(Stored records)
┄┄┄┄┄┄

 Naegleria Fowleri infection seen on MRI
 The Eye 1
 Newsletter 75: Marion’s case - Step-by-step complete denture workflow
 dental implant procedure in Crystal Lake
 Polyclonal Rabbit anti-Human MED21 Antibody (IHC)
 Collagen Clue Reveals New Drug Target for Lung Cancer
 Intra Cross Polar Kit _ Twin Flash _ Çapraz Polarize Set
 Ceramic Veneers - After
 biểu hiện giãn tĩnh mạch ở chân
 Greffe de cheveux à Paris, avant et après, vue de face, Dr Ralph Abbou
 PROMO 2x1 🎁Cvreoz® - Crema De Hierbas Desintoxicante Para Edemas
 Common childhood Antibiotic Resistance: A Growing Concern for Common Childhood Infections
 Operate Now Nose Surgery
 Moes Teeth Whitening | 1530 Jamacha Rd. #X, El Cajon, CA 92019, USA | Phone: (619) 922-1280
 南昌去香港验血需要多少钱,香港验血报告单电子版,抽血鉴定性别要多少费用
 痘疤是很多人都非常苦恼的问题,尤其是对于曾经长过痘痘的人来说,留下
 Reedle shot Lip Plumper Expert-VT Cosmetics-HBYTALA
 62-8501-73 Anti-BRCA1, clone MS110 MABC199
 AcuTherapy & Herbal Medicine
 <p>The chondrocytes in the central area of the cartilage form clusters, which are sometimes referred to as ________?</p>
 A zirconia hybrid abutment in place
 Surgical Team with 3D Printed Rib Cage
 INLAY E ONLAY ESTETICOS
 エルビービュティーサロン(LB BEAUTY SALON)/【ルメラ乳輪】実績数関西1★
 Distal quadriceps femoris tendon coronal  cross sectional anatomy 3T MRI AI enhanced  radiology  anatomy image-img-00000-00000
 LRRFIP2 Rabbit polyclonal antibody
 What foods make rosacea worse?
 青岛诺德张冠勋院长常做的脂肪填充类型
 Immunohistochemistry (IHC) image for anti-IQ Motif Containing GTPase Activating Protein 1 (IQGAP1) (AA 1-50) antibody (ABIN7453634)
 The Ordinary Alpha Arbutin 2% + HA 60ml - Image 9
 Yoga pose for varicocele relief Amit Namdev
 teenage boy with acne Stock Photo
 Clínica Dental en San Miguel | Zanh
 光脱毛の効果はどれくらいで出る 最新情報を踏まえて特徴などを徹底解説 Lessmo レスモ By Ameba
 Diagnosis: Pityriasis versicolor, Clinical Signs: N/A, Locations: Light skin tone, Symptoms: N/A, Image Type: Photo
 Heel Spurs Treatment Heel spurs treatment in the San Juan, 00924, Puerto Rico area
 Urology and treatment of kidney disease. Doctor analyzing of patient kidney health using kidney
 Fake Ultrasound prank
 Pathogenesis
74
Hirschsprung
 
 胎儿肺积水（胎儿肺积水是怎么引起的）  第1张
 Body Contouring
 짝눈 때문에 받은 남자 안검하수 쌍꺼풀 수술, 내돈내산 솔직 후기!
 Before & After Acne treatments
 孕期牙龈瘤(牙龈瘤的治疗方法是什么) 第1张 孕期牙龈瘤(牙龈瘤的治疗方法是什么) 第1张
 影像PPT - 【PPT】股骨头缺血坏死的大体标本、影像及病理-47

┄┄┄┄┄┄

Brief: Once you reach the line with "Greffe de cheveux" in the data above, copy it and every line after it exactly, up to and including the line with "Reedle shot Lip".

Result for this task:
 Greffe de cheveux à Paris, avant et après, vue de face, Dr Ralph Abbou
 PROMO 2x1 🎁Cvreoz® - Crema De Hierbas Desintoxicante Para Edemas
 Common childhood Antibiotic Resistance: A Growing Concern for Common Childhood Infections
 Operate Now Nose Surgery
 Moes Teeth Whitening | 1530 Jamacha Rd. #X, El Cajon, CA 92019, USA | Phone: (619) 922-1280
 南昌去香港验血需要多少钱,香港验血报告单电子版,抽血鉴定性别要多少费用
 痘疤是很多人都非常苦恼的问题,尤其是对于曾经长过痘痘的人来说,留下
 Reedle shot Lip Plumper Expert-VT Cosmetics-HBYTALA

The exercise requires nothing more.